- Information given:
- - -
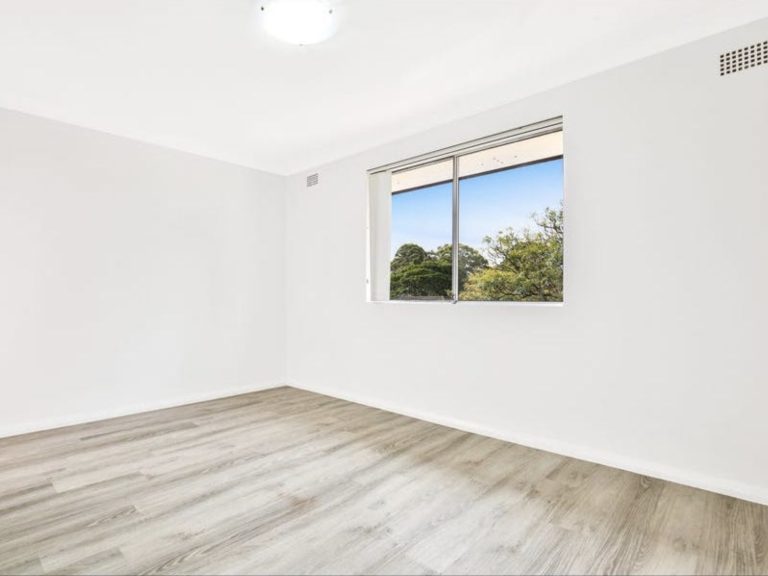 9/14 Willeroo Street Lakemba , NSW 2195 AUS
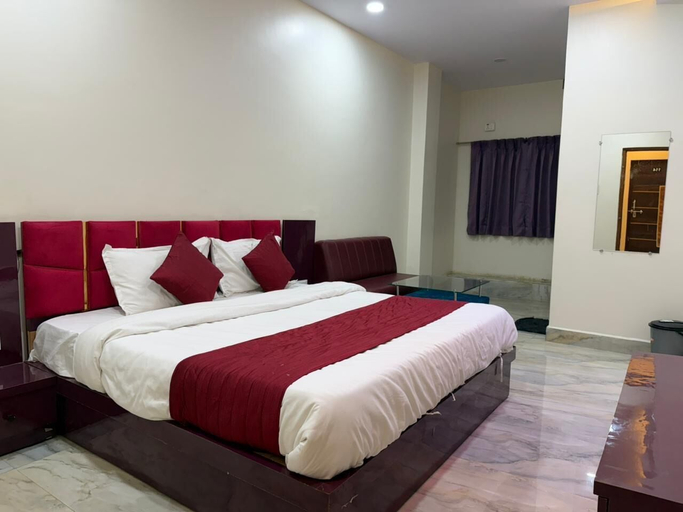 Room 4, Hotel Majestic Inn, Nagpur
- - -
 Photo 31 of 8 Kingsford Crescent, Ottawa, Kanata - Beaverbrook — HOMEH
- - -
Although the records above contain pictures, the copy should not; retype exactly the lines from the one containing "9/14 Willeroo Street Lakemba , NSW 2195 AUS" through the one containing "Room 4, Hotel Majestic Inn, Nagpur".

 9/14 Willeroo Street Lakemba , NSW 2195 AUS
 Room 4, Hotel Majestic Inn, Nagpur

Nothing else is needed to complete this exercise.